As palavras dos outros

(…) Ora tudo isto é só para dizer que de vez em quando os papéis invertem­‑se. Agora somos minoria, e vocês o Ancien Regime. Agora vocês têm os media, nós só temos os blogues (ah, mas temo-los, e vamos usá-los!...). Vocês têm as palavras incendiárias, nós temos a moderação. (…)

"O referendo Louçã" - Jorge Lima no Blogue do não

O não de Cavaco Silva

Cavaco tem razão. Os princípios são princípios. A admissão da pena de morte como forma de justiça é uma barbaridade à qual o homem civilizado não pode ceder sob qualquer argumentação política ou pressão popular. Ser contra a pena de morte, para mim, separa os povos civilizados da barbárie. Por mais odioso e abjecto que seja o condenado. Nem sempre a coerência com os princípios dá votos, eu sei. E até poderão existir intrincados e prementes argumentos a favor da aplicação da pena, em casos “especiais” e “limite”. Mas para mim, definitivamente, não compete ao homem (instituição, estado) destinar a vida ou a morte de outro homem. As afirmações de Cavaco Silva são portanto totalmente coerentes e expectáveis.

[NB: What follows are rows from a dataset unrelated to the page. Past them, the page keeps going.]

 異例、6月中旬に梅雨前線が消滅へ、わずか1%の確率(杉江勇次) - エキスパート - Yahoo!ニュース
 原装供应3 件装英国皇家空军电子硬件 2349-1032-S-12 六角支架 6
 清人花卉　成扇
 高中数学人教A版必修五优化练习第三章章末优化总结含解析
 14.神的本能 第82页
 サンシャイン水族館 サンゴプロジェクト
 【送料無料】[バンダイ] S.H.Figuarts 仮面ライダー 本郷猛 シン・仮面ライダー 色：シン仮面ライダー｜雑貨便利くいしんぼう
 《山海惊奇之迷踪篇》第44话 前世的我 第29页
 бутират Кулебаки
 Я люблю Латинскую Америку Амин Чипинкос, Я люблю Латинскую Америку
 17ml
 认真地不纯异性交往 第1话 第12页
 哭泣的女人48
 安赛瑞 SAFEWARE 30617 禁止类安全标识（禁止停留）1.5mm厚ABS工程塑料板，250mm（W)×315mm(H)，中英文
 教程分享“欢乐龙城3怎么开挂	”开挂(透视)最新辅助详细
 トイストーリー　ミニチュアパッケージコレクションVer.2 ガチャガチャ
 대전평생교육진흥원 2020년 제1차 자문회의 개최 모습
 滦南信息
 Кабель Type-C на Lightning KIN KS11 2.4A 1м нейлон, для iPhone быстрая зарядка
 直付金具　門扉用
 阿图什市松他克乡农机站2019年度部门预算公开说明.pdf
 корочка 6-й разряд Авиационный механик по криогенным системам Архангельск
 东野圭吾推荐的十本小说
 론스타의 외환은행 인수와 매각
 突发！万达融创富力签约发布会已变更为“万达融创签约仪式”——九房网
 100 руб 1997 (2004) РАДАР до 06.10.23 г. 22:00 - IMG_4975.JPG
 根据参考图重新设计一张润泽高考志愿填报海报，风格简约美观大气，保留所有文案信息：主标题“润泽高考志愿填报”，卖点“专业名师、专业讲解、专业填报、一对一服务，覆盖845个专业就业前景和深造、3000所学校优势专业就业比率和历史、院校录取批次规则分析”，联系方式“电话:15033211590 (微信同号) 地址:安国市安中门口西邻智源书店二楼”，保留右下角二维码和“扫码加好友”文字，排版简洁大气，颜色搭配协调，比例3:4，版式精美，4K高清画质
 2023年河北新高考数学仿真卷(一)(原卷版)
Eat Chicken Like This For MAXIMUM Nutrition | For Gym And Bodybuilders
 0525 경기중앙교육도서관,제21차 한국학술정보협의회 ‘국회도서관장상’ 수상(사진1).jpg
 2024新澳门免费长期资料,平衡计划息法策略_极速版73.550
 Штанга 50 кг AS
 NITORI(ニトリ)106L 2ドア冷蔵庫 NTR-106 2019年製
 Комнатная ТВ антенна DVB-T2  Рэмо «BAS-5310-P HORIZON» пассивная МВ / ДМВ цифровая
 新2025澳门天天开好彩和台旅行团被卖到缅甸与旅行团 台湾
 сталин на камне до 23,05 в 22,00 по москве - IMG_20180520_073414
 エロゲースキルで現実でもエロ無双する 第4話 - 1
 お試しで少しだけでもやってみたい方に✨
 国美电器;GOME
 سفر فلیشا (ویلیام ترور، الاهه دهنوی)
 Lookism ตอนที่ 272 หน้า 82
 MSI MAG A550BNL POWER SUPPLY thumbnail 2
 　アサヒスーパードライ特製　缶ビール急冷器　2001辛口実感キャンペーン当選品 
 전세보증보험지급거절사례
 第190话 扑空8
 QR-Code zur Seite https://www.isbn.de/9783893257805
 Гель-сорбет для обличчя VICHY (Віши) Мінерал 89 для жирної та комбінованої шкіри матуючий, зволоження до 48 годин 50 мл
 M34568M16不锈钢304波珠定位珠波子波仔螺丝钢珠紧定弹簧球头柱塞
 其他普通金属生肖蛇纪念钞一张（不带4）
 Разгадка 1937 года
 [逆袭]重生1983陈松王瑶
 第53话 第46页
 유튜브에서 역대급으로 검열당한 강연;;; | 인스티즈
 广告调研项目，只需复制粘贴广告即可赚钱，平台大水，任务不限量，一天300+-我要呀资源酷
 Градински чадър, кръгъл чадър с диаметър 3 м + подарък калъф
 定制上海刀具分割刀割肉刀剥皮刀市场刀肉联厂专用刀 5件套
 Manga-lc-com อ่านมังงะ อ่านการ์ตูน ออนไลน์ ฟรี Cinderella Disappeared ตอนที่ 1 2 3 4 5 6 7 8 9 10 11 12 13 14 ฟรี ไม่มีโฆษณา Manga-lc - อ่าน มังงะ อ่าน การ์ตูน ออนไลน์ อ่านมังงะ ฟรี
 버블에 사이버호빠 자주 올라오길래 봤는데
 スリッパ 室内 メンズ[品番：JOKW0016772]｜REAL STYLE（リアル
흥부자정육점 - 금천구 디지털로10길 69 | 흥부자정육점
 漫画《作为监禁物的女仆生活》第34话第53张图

PS: Era uma coisa deste género que o JPH devia ter escrito em vez da rasca traulitada que postou na sua glória fácil.

Janelas

Interrompo o trabalho no computador, levanto-me, espreguiço-me, e passando pela janela olho a praceta enlameada lá em baixo. Cruzo o olhar com o homem do bar vizinho que apanha umas folhas molhadas da esplanada. Intimidados, cada um recolhe “à sua vida”.
A Carolina, na janela da cozinha, sentada sobre o cesto da roupa suja, desvia a cortina e aí fica a ver o movimento da rua, as cores dos carros, a Marta que volta tarde da escola. A chuva copiosa que cai. Com sorte, ainda apanhará a mãe a chegar do trabalho.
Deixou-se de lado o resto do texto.